■ INPUT ■
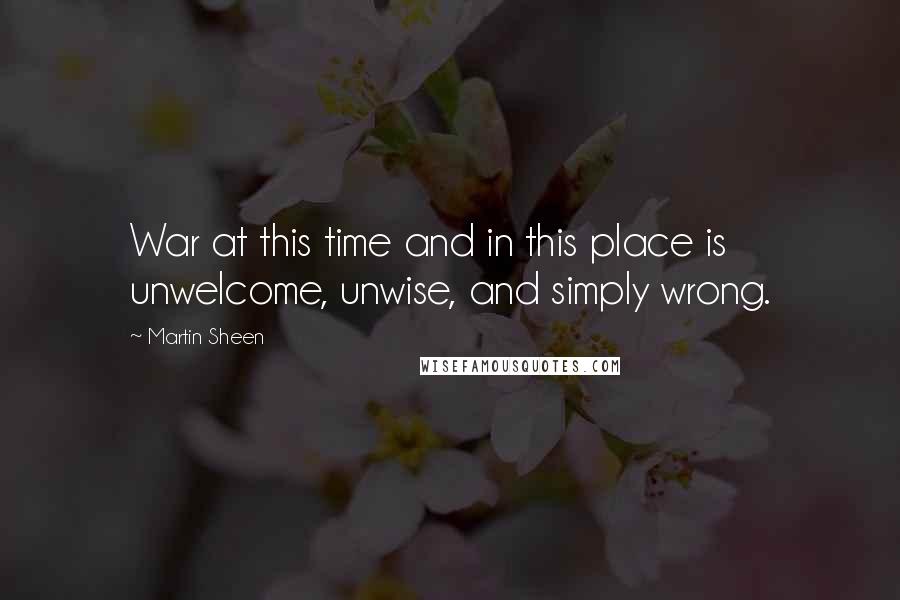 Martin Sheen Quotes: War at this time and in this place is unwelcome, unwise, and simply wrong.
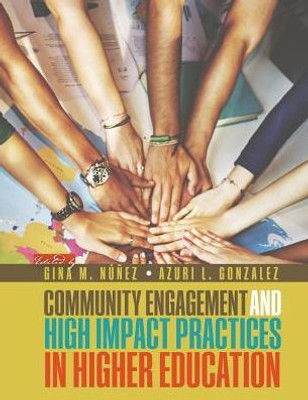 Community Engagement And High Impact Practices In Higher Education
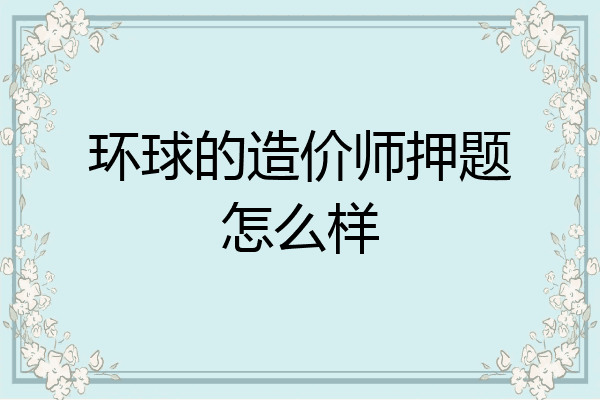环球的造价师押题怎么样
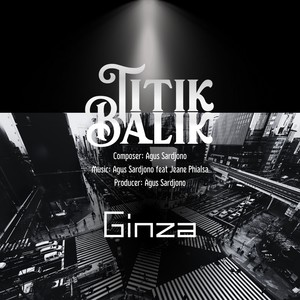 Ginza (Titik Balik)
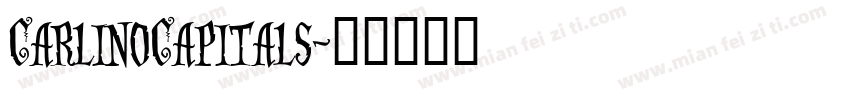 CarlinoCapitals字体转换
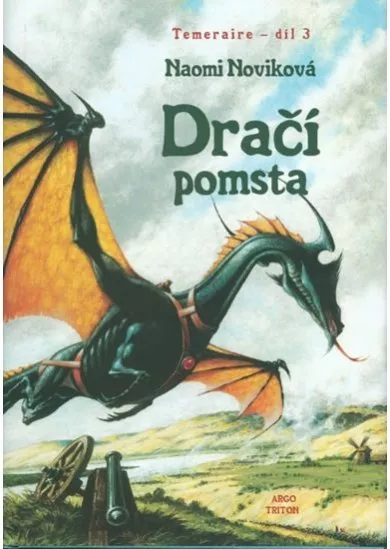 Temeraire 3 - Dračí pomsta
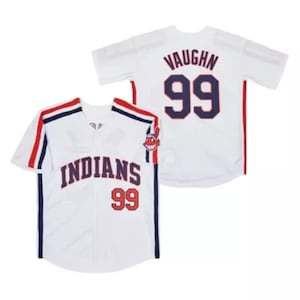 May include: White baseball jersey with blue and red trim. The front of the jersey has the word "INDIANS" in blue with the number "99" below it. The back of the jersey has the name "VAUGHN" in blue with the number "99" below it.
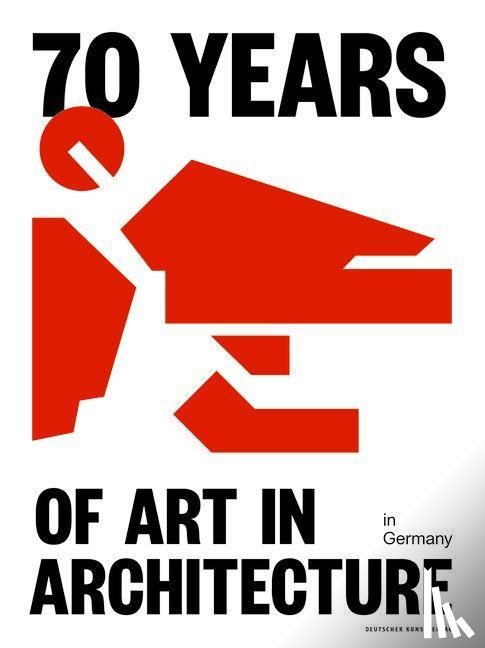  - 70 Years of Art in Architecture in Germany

■ EXERCISE GOAL ■
Write out, word for word, the lines from the start of the data through the one holding "Temeraire 3 - Dračí pomsta". Omit pictures.

■ EXERCISE RESPONSE ■
 Martin Sheen Quotes: War at this time and in this place is unwelcome, unwise, and simply wrong.
 Community Engagement And High Impact Practices In Higher Education
环球的造价师押题怎么样
 Ginza (Titik Balik)
 CarlinoCapitals字体转换
 Temeraire 3 - Dračí pomsta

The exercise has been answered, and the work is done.